With this setup, adding support for a new type of database connection in the future is simple. We first define the connection function and then register it using the decorator. No other parts need to be altered, demonstrating the maintainability and extensibility benefits of the factory pattern.

Factory patterns in real-world scenarios

Factories are particularly useful when:

Dealing with external libraries or systems that may change over time, letting you isolate those changes
Implementing plugins or extensions to a system
Needing to control object instantiation for purposes like object pooling, lazy initialization, or logging

We’ll take a look at two examples of how factory assets work in the real world.

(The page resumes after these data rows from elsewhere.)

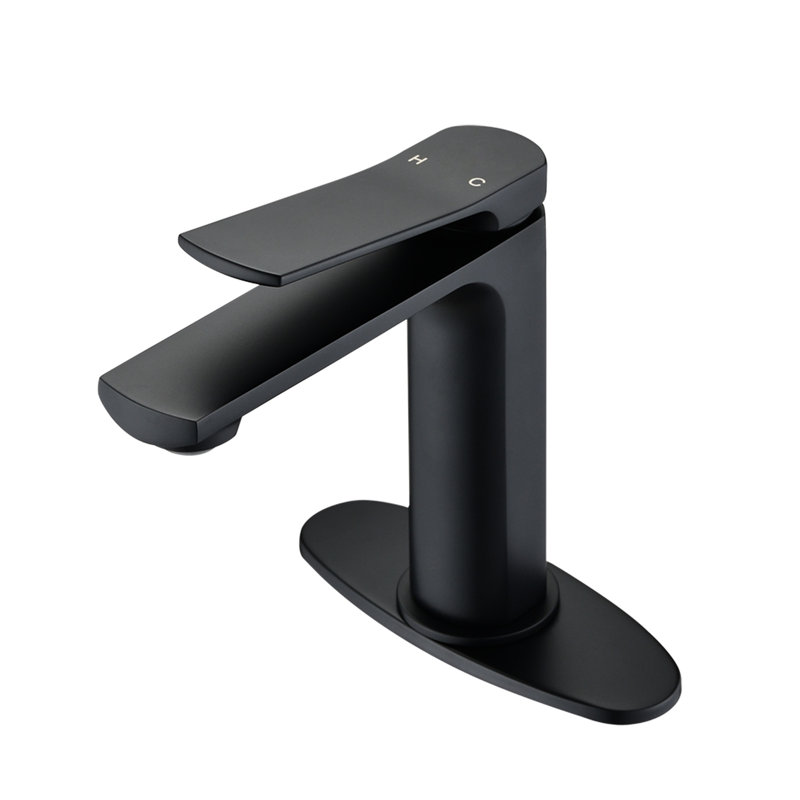 Contemporary Single Handle Hole Bathroom Faucet, Matte Black, Stainless Steel, To Fingerprint, Suitable For Sink, Rv, And Vanity Bar, Lead - Rust Handle, Water Spots Vanity, Safe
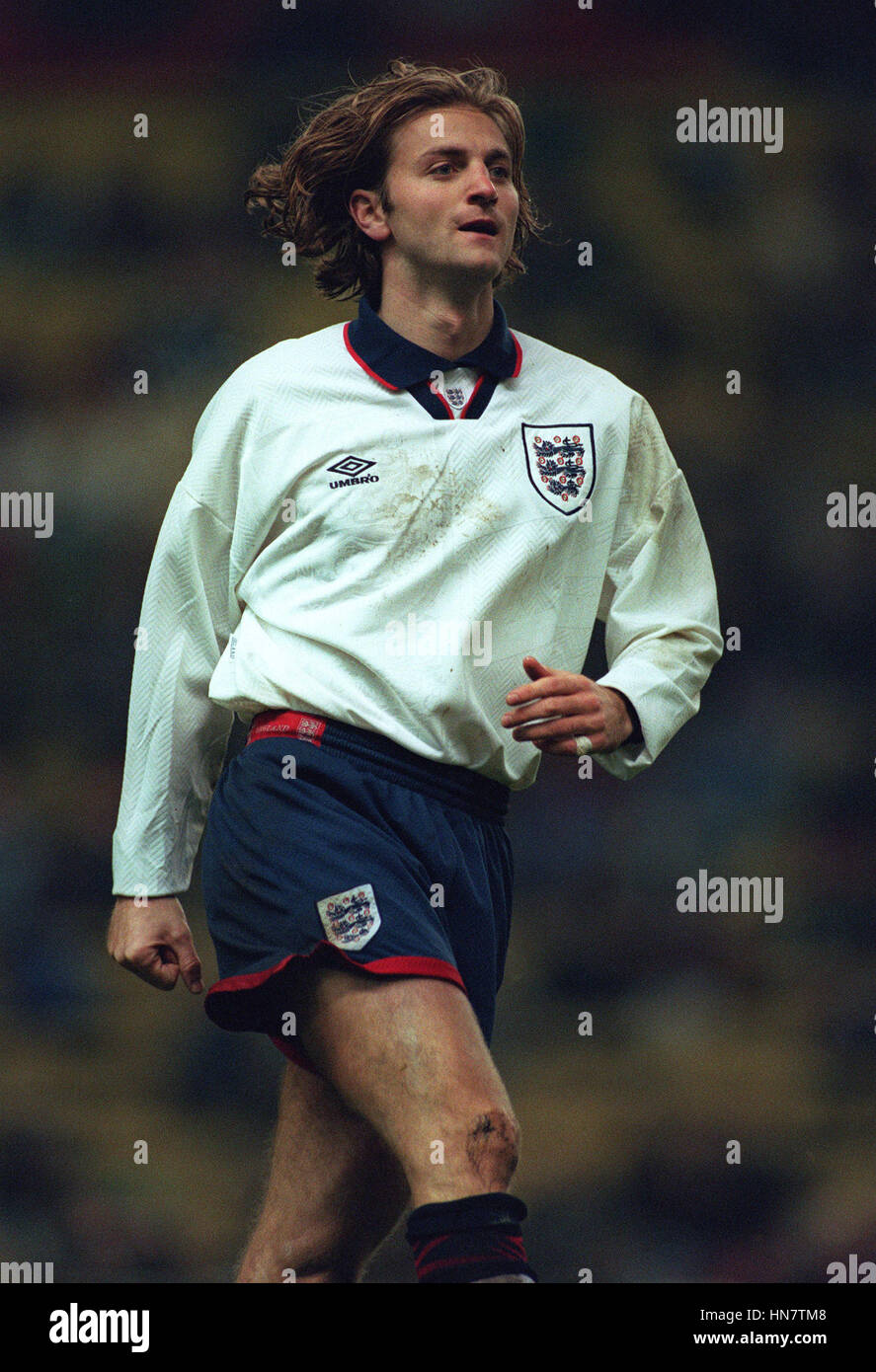 TIM SHERWOOD ENGLAND & BLACKBURN ROVERS FC 14 December 1994 Stock Photo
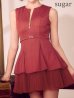 レッド　モデル：明日花キララ　身長：162cm 着用サイズ：Sサイズ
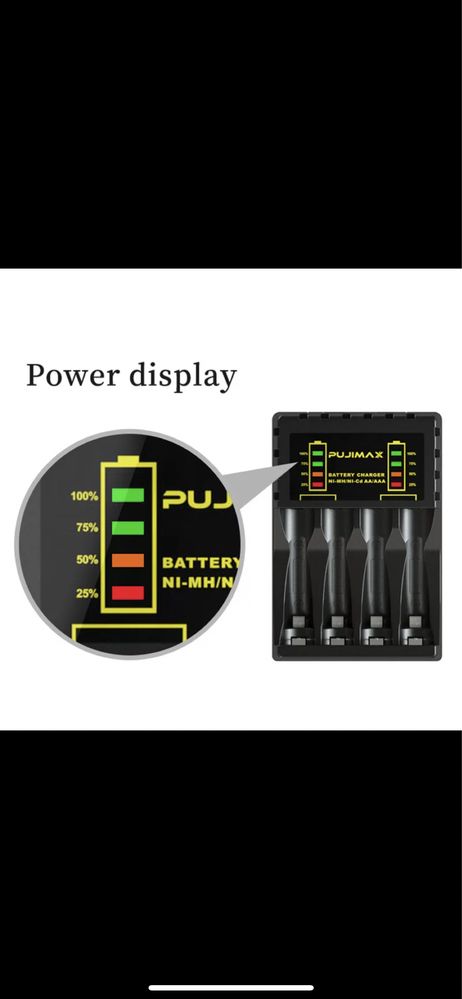 • Зарядное устройство для аккумуляторов батареек типа АА и ААА.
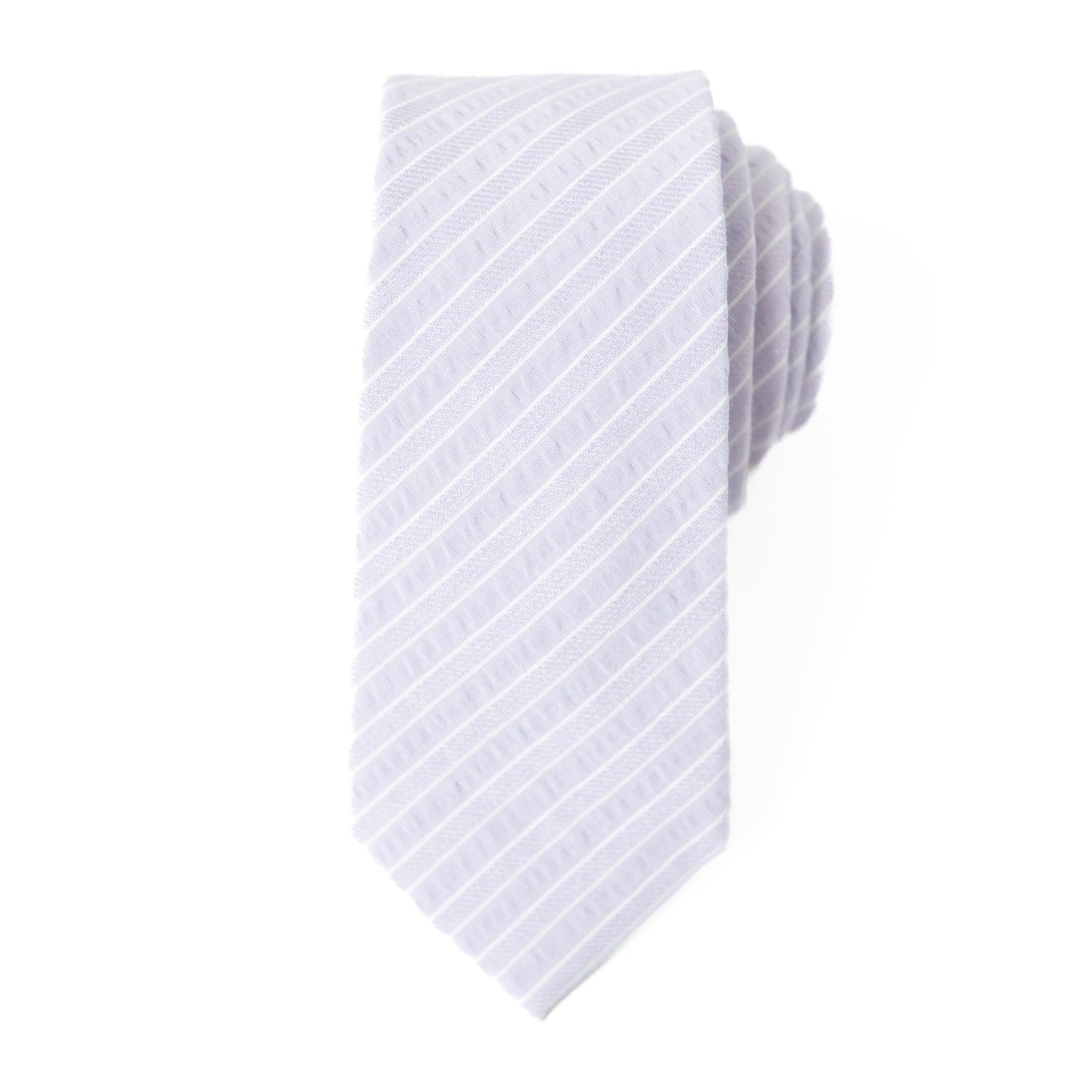 Lavender Stripe - Men's Tie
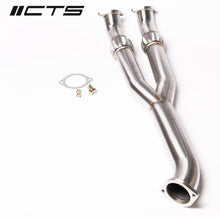 Load image into Gallery viewer, CTS Turbo Nissan R35 GT-R Y-pipe/Mid-pipe Catless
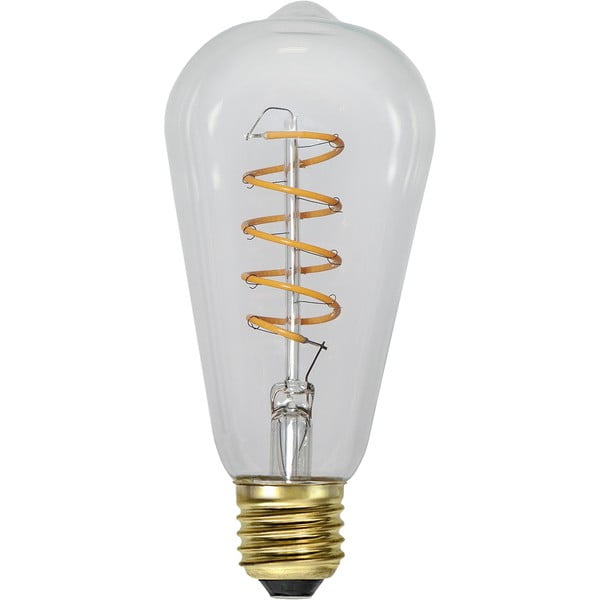 Teplá LED stmívatelná filamentová žárovka E27, 4 W Spiral Filament – Star Trading
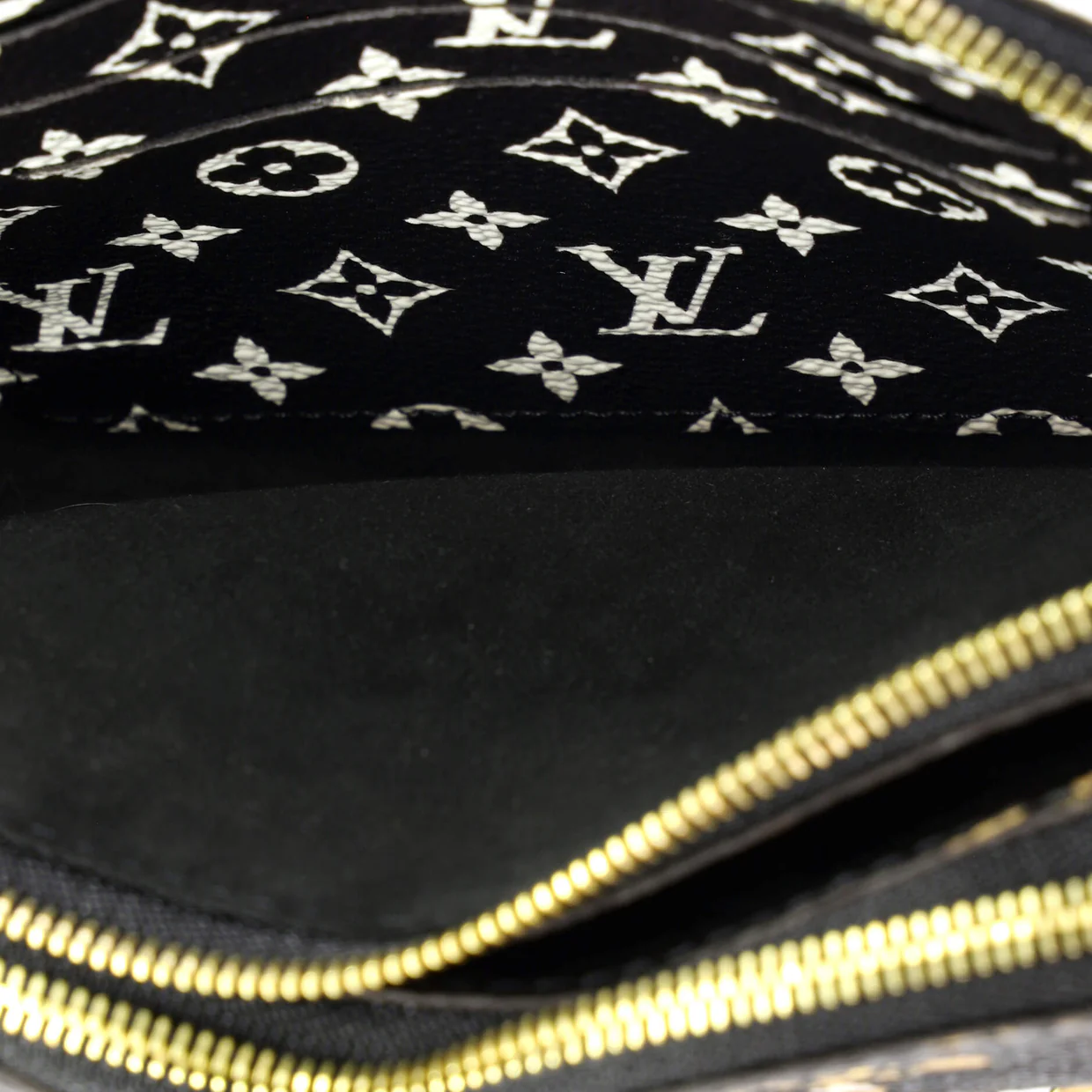 Double Zip Pochette Limited Edition Jungle Monogram Giant - Deep Luxury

Example 1: Scraping Wikipedia

Factory patterns are particularly useful in web scraping when you need to scrape different types of pages but want to maintain a consistent interface for all of them. Let’s look at how factory patterns can be used to scrape Wikipedia’s table of countries and dependencies by population:

First, make sure to install the following:

pip install requests
pip install beautifulsoup4

Then, define functions to scrape different tables from Wikipedia. Let's assume Wikipedia might have multiple tables representing this data in different formats. One table might be standard, while another might be mobile-optimized.

from bs4 import BeautifulSoup
import requests

def scrape_standard_table(url):
    page = requests.get(url)
    soup = BeautifulSoup(page.content, 'html.parser')

    # Assuming the first table on the page is the one of interest
    table = soup.find_all("table")[0]

    rows = table.find_all("tr")
    data = []
    for row in rows[1:]:  # skipping the header row
        columns = row.find_all("td")
        country = columns[0].get_text(strip=True)
        population = columns[1].get_text(strip=True)
        data.append((country, population))
    return data

def scrape_mobile_table(url):
    page = requests.get(url)
    soup = BeautifulSoup(page.content, 'html.parser')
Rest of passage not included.